WHAT THE EXERCISE ASKS ▸ When you repeat the listing below, keep every word exactly and leave out each picture.

PROVIDED DATA ▸
*** Begin section ***
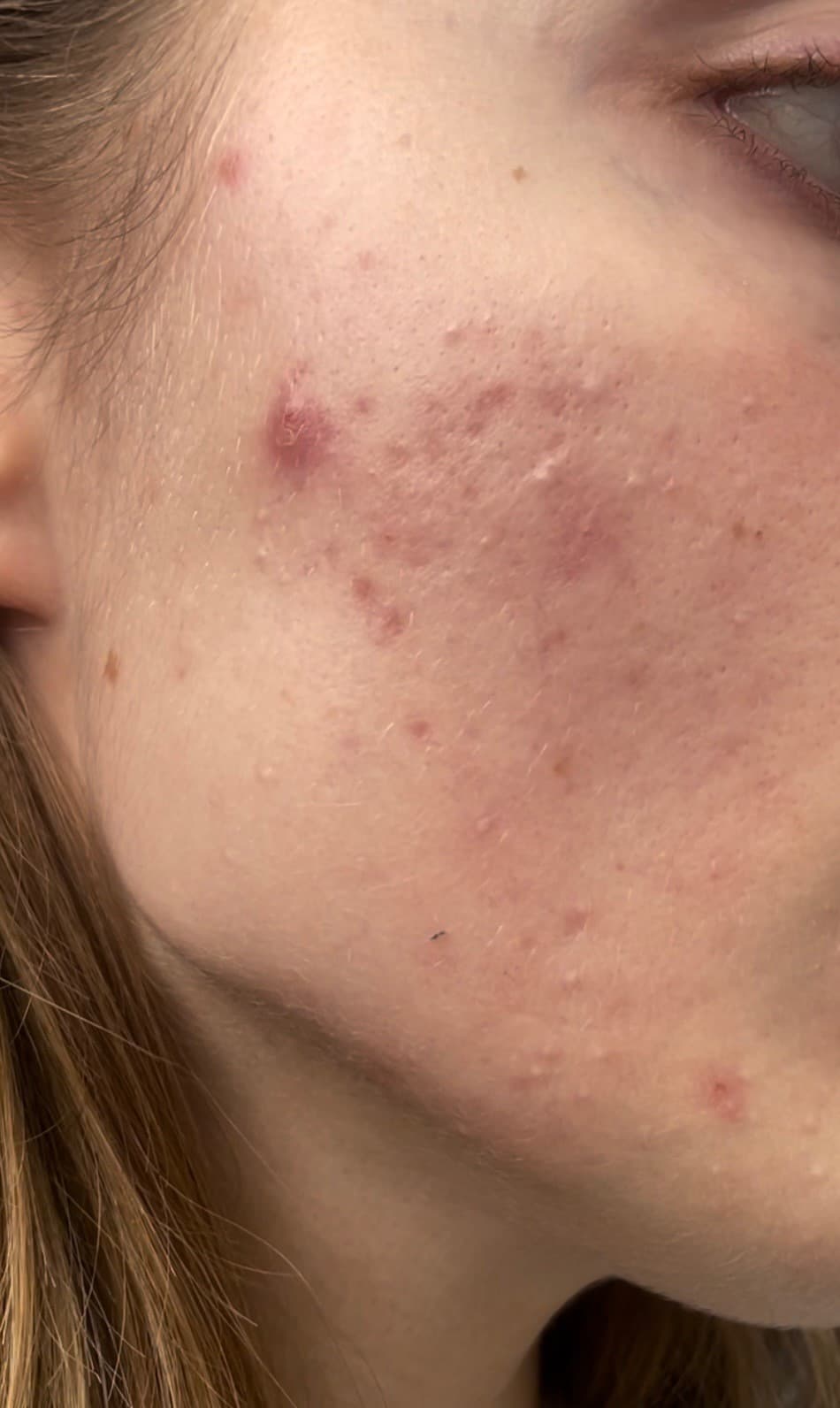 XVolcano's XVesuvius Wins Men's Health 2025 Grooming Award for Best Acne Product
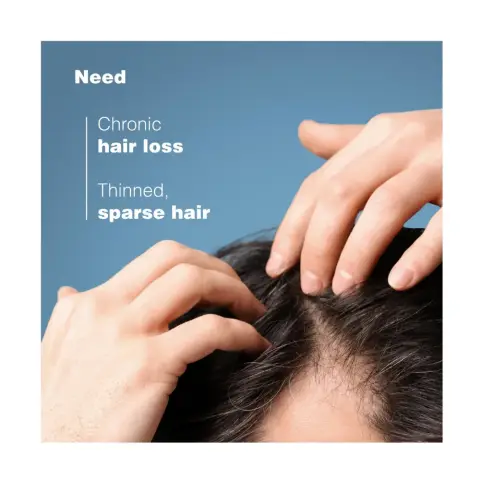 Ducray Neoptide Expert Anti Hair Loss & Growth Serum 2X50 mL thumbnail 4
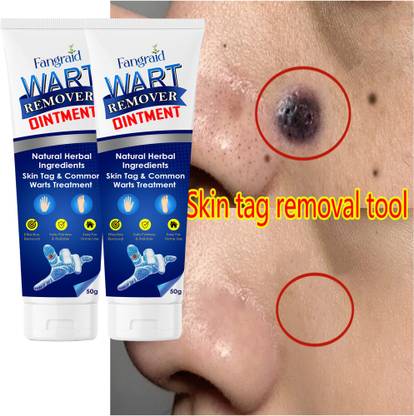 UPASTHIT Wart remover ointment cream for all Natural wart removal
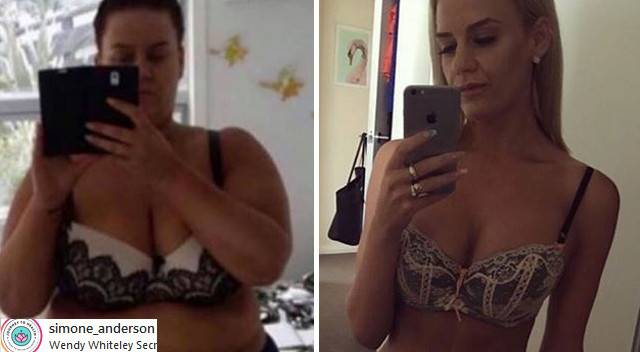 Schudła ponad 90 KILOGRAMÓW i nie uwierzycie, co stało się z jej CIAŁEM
*** End section ***
TASK OUTPUT ▸
 XVolcano's XVesuvius Wins Men's Health 2025 Grooming Award for Best Acne Product
 Ducray Neoptide Expert Anti Hair Loss & Growth Serum 2X50 mL thumbnail 4
 UPASTHIT Wart remover ointment cream for all Natural wart removal
 Schudła ponad 90 KILOGRAMÓW i nie uwierzycie, co stało się z jej CIAŁEM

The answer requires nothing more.